### WORK TO COMPLETE
Reproduce exactly the lines that run from the start of the records below to the line with "Ausdauer-Set: MST Magnesium", inclusive.

### DATASET CONTENT

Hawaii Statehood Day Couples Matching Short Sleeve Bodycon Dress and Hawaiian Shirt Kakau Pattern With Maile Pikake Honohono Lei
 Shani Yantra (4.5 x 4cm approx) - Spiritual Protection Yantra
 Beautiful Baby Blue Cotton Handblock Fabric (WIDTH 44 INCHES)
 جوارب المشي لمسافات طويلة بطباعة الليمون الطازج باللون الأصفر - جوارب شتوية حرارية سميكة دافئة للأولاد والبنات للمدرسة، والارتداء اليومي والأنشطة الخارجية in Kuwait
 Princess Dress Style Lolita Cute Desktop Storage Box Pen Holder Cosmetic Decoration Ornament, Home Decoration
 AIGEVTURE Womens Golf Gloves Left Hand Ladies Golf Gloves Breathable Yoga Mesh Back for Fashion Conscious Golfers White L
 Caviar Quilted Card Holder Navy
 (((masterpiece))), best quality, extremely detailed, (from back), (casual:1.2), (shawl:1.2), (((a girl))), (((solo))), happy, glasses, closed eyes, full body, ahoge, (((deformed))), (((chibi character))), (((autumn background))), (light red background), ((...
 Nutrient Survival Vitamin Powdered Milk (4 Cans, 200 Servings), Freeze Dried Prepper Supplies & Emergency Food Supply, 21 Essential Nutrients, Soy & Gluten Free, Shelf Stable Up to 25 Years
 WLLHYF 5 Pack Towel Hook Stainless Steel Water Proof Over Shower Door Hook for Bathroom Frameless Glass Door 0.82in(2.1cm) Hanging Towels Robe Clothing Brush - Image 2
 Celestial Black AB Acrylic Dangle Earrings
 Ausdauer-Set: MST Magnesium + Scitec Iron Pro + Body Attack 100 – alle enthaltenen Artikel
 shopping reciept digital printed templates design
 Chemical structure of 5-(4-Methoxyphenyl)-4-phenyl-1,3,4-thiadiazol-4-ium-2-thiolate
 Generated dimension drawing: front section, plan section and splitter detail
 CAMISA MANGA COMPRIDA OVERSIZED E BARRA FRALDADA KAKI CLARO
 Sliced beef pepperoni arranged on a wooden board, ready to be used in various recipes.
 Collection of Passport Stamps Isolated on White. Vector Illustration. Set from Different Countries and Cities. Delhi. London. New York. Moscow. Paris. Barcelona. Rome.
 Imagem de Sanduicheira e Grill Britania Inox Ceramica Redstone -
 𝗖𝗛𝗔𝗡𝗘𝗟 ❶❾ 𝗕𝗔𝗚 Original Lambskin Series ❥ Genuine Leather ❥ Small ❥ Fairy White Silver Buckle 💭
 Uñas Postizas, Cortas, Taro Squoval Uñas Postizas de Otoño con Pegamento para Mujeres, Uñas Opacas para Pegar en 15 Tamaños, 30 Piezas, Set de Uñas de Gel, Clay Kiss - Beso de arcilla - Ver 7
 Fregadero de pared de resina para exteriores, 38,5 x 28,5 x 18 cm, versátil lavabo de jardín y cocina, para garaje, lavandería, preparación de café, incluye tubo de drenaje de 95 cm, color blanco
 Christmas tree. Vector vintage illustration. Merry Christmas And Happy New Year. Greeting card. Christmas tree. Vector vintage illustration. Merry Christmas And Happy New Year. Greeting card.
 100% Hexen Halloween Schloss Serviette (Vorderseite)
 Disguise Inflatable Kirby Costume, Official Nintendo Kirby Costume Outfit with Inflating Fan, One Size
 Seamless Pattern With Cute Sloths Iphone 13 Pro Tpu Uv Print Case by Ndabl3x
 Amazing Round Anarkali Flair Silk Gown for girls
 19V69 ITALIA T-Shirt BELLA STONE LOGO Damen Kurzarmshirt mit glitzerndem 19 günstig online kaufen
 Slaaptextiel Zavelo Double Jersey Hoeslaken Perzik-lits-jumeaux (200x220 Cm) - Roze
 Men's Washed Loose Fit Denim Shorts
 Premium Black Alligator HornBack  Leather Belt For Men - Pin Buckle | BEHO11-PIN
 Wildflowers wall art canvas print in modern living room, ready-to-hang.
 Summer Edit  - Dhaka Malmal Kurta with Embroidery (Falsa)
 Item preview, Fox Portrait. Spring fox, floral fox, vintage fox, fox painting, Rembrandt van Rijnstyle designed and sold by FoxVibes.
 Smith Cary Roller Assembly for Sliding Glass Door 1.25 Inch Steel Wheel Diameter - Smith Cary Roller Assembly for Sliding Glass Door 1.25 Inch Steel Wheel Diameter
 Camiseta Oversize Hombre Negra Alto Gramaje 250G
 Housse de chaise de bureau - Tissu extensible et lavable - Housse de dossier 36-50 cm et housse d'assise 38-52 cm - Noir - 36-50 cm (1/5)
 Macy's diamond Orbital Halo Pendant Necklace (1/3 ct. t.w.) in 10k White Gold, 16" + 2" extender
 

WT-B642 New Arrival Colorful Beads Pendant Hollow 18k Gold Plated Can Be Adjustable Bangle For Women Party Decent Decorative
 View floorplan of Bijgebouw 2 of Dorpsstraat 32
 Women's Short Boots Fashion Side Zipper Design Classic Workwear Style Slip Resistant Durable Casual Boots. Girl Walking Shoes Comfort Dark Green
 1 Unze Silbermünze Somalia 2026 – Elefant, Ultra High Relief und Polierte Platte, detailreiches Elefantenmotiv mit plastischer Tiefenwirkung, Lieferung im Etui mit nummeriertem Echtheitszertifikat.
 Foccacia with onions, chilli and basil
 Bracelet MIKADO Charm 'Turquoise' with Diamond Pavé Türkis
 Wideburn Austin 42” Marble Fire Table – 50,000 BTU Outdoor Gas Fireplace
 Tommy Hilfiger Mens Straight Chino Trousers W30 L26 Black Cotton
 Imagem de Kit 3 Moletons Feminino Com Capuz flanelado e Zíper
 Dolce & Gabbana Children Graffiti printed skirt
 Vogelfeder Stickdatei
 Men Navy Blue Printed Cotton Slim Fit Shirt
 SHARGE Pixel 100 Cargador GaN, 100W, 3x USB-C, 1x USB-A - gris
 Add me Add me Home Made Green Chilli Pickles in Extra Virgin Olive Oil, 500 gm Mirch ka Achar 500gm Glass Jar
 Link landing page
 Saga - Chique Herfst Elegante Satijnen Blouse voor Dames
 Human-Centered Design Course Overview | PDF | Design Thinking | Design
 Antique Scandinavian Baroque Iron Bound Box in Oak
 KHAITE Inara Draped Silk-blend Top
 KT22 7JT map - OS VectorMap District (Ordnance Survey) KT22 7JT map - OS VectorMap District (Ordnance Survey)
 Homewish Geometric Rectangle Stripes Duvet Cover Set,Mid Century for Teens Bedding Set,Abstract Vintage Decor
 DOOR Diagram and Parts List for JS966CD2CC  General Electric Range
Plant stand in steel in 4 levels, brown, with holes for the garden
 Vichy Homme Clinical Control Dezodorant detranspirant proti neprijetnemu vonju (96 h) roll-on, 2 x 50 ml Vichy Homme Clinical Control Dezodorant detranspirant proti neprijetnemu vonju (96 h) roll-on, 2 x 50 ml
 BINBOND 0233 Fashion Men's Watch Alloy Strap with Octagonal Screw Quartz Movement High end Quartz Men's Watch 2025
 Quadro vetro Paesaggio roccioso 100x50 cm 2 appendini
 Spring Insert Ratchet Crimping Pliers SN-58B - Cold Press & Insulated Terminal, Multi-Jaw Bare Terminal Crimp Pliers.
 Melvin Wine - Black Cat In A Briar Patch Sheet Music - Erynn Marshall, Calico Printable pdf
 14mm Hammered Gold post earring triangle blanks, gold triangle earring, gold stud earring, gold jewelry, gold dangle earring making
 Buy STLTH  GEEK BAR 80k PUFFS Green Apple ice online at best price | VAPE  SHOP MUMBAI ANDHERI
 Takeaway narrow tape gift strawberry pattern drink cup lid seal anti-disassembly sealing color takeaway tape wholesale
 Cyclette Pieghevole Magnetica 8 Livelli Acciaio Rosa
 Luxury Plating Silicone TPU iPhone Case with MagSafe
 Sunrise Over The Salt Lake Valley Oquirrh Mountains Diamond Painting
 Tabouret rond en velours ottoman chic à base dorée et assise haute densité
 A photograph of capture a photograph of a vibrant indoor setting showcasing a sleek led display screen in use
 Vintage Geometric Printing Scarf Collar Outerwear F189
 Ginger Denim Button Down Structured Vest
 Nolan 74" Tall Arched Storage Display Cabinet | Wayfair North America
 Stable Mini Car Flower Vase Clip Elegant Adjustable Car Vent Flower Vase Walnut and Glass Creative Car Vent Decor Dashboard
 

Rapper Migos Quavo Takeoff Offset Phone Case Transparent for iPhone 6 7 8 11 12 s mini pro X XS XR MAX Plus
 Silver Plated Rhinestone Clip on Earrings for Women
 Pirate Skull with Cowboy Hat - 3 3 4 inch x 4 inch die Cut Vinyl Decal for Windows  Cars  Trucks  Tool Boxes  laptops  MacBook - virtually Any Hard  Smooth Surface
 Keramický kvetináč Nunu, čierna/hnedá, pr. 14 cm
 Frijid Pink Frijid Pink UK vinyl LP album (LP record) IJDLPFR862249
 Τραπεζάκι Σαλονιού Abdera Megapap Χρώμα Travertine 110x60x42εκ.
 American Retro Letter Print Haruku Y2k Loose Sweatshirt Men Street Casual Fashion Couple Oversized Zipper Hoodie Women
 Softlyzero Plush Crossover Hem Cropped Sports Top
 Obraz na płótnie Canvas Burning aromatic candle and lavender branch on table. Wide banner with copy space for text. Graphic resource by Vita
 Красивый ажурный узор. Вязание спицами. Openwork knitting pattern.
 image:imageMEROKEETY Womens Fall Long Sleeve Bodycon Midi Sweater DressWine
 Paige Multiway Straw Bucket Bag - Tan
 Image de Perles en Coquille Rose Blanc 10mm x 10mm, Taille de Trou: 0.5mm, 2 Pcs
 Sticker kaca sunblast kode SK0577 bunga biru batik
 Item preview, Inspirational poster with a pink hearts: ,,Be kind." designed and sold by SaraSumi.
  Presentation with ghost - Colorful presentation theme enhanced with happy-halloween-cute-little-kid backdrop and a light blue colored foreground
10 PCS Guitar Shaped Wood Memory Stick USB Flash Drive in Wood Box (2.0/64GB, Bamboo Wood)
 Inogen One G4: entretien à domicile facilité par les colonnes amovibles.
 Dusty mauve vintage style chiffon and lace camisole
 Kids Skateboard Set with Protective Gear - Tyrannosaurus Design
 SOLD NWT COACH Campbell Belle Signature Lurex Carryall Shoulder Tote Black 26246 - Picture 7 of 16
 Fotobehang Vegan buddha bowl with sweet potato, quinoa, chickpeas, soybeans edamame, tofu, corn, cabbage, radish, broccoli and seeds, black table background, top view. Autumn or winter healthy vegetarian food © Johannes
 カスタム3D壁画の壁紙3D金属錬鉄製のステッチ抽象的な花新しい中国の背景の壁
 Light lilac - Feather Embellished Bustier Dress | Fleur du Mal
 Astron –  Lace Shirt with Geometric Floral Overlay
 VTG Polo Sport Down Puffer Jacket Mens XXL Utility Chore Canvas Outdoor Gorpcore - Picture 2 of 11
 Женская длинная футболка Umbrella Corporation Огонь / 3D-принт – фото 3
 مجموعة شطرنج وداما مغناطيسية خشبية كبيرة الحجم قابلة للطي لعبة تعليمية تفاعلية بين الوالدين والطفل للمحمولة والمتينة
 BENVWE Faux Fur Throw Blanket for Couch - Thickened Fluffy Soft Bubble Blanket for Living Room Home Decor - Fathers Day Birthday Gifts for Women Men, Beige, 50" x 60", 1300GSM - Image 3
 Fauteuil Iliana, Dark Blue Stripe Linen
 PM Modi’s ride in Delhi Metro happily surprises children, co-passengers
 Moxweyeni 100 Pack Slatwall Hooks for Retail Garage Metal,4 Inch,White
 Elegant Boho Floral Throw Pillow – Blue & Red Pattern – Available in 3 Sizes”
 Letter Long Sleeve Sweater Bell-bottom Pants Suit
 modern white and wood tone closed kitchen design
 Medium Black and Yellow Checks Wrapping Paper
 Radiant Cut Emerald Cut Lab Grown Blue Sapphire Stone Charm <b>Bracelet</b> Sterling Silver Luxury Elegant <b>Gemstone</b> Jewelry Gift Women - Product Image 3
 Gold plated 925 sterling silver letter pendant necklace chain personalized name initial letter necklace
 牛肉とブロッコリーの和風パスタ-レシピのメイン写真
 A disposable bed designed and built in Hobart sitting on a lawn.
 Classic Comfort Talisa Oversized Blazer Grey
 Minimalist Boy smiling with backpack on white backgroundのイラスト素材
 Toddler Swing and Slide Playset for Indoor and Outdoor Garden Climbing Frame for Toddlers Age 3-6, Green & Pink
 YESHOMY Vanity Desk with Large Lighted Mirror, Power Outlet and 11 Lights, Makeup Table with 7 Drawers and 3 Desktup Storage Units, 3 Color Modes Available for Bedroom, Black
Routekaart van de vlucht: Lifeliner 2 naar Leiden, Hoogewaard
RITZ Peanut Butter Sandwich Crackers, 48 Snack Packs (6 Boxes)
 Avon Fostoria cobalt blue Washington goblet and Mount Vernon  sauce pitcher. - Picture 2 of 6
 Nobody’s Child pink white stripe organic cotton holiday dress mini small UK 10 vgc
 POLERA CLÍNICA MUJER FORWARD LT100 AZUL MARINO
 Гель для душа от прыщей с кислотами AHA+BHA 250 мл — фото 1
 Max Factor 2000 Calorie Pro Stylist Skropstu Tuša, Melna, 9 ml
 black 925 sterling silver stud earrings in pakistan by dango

### ANSWER SECTION
Hawaii Statehood Day Couples Matching Short Sleeve Bodycon Dress and Hawaiian Shirt Kakau Pattern With Maile Pikake Honohono Lei
 Shani Yantra (4.5 x 4cm approx) - Spiritual Protection Yantra
 Beautiful Baby Blue Cotton Handblock Fabric (WIDTH 44 INCHES)
 جوارب المشي لمسافات طويلة بطباعة الليمون الطازج باللون الأصفر - جوارب شتوية حرارية سميكة دافئة للأولاد والبنات للمدرسة، والارتداء اليومي والأنشطة الخارجية in Kuwait
 Princess Dress Style Lolita Cute Desktop Storage Box Pen Holder Cosmetic Decoration Ornament, Home Decoration
 AIGEVTURE Womens Golf Gloves Left Hand Ladies Golf Gloves Breathable Yoga Mesh Back for Fashion Conscious Golfers White L
 Caviar Quilted Card Holder Navy
 (((masterpiece))), best quality, extremely detailed, (from back), (casual:1.2), (shawl:1.2), (((a girl))), (((solo))), happy, glasses, closed eyes, full body, ahoge, (((deformed))), (((chibi character))), (((autumn background))), (light red background), ((...
 Nutrient Survival Vitamin Powdered Milk (4 Cans, 200 Servings), Freeze Dried Prepper Supplies & Emergency Food Supply, 21 Essential Nutrients, Soy & Gluten Free, Shelf Stable Up to 25 Years
 WLLHYF 5 Pack Towel Hook Stainless Steel Water Proof Over Shower Door Hook for Bathroom Frameless Glass Door 0.82in(2.1cm) Hanging Towels Robe Clothing Brush - Image 2
 Celestial Black AB Acrylic Dangle Earrings
 Ausdauer-Set: MST Magnesium + Scitec Iron Pro + Body Attack 100 – alle enthaltenen Artikel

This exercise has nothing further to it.